Io dico un'altra cosa. Di tutte le cose belle e commoventi che il video mostra per avvalorare la tesi che anche la coppia di ragazzi è uguale a quella ragazzo ragazza non ce n'è una pubblica: lavoro, studio, manifestazioni politiche,  vita sociale non nel tempo libero... Solo la sfera privata, la casa, gli amici, la vacanza, il divertimento...
Il video certo non ha lo scopo di rappresentare TUTTE le coppie gay. 
In realtà invece la fiction rappresenta esattamente solo i gay che descrive coi suoi cliché e quelli che non sono rappresentati nei cliché socialmente non esistono perchè non sono visibili...

Questo chi studia i mass media (come il sottoscritto) lo sa...

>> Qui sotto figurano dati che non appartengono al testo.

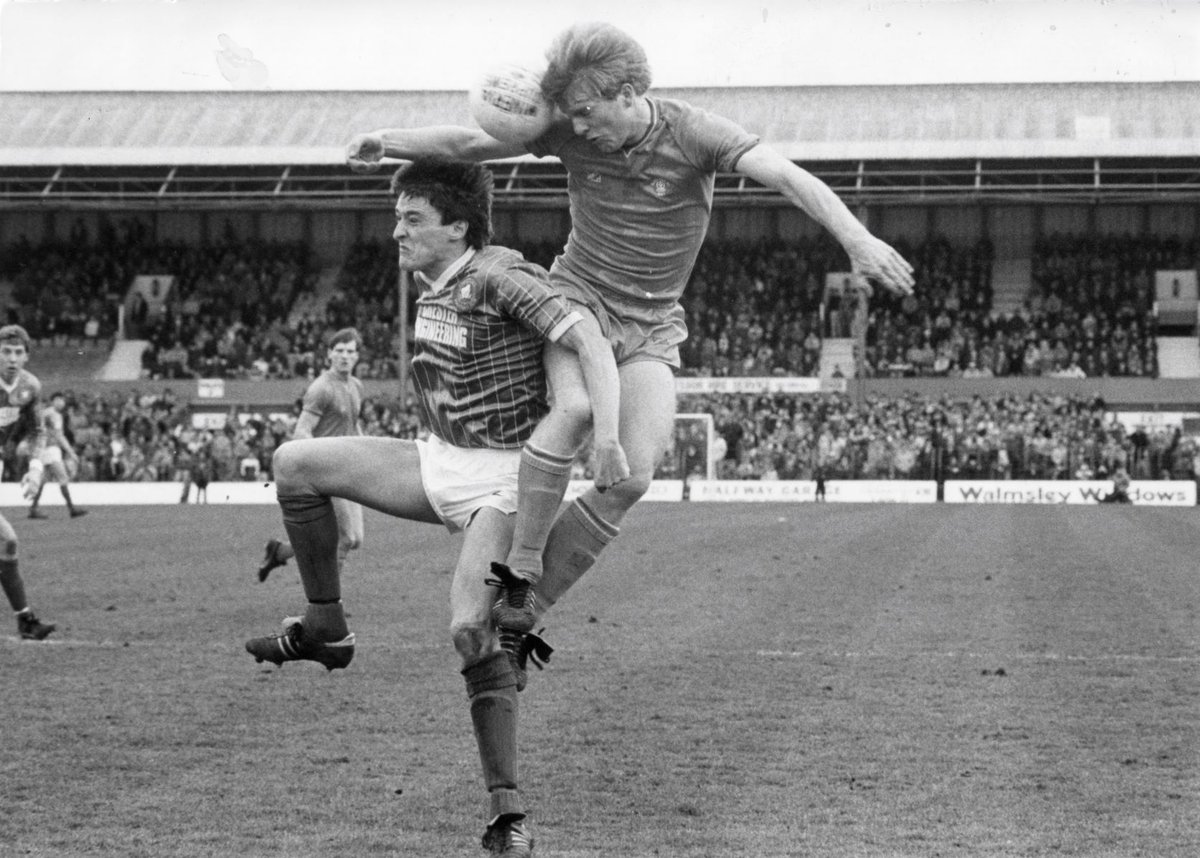 BFC_ExPlayers's tweet image. Happy 59th Birthday today to former Pool defender &amp;amp; top man .... Colin Greenall @ColinGreenall6 

Hope you have a great day Colin !
👍😁🎂⚽️🍊⛳️

#TopMan 
#LovesHisGolf
#PieMuncher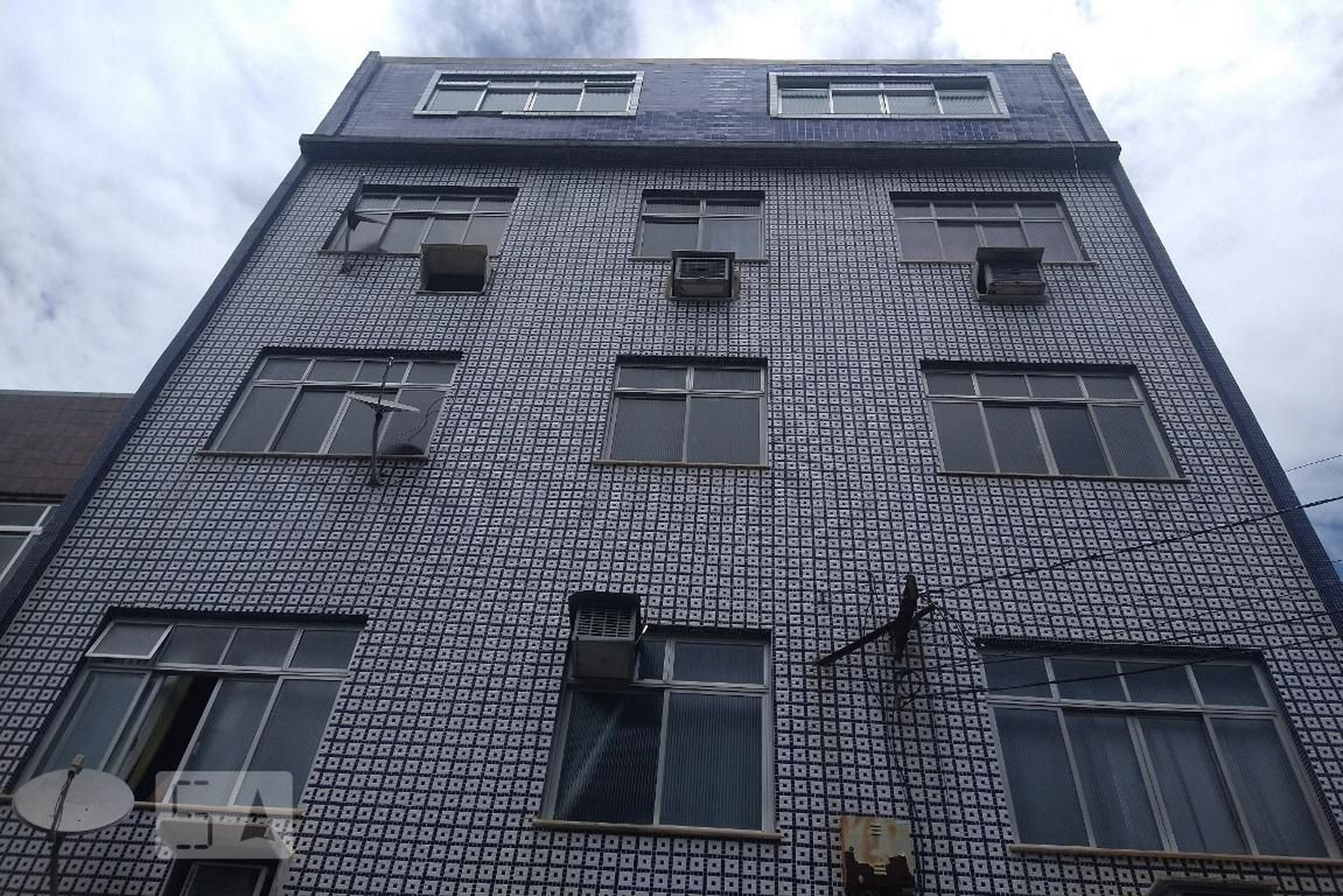 Fachada do Prédio Condomínio em Rua São Canuto, 261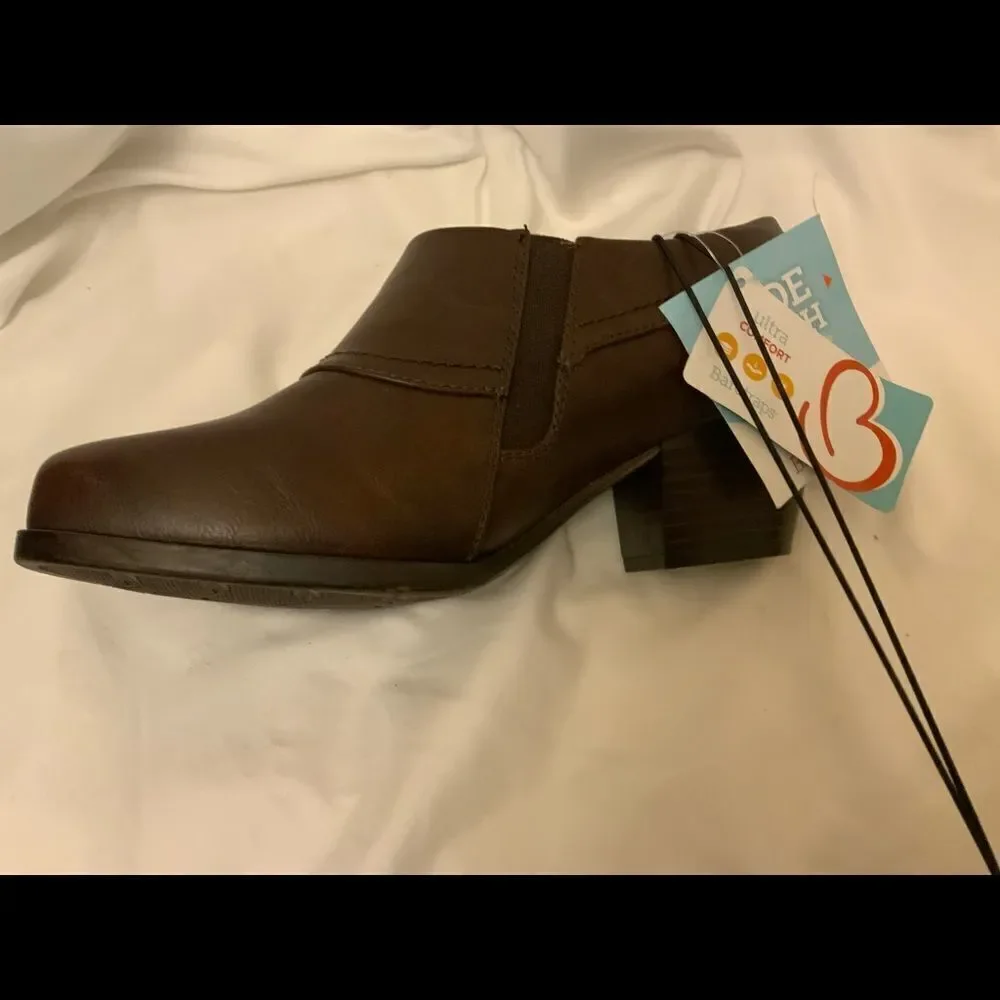 BareTraps Size 8 W Brown Faux Leather Ankle Booties Renee Slip on RV $89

Più che cercare il pelo nell’uovo in queste iniziative lodevoli e di successo, cerchiamo di proporre in Italia cose così d’impatto, e non solo di testa e “fuori dagli schemi” che capiamo solo tra noi e non arrivano al pubblico che dovremmo sensibilizzare.
E questo è quello che mi dicono tutte le persone mediocri.
Sei pignolo, vai troppo per il sottile, cerchi il pelo nell'uovo (ma si è poi mai saputo che tipo di pelo è ?). Ancora quello che vuoi dire tu è troppo astruso la gente non ti capisce.

Miei cari non mi capirete voi. Io ho fiducia nella gente.  E anche se non ne avessi a maggior ragione propalare vecchi e triti stereotipi come fa a risvegliarli ed educarli?
Le associazioni in Italia sembra parlino solo tra loro e col loro ristretto target, o propongono autogol come le liste di outing senza prove e senza conseguenze reali. A che serve?
Completamente fuori topic (ma si riferisce alla mia presa di pozione sulla lista di Mancuso che, nel sistema binario e semplificatorio di internet 0 1 si o no pro o contro che appiattisce ogni sottigliezza, mi rende uno a favore mentre lui era uno contro...)
P.S. Io sono tra quelli che si sono commossi. E non me ne vergogno affatto.
Altro punto interessante. Nessuno critica la reazione di pancia. Io critico il fatto che si resta femi a quella e non si va oltre.
Meglio critico l'idea che se mi commuovo poi non posso farne una critica altrimenti ammetto che è sbagliato commuoversi. Come quelli che mi dicono che se analizzo troppo i film poi mi perdo il gusto di vederli per quello che sono...


Insomma, i racconti per immagini sono dei grandi rimestatori di immaginario collettivo e il video che critico pur apprezzandone le buone intenzioni lo critico per il suo essere borghese, per tutto quello che non mostra, perchè vuole mostrare un'omosessualità identica all'eterosessualità, come se l'omosessualità non avesse una propria dignità , irriducibilmente diversa da quella etero ma perchè solo in quanto gli somiglia può essere riconosciuta malgrado tutto.

E poi vi meravigliate se io mi incazzo?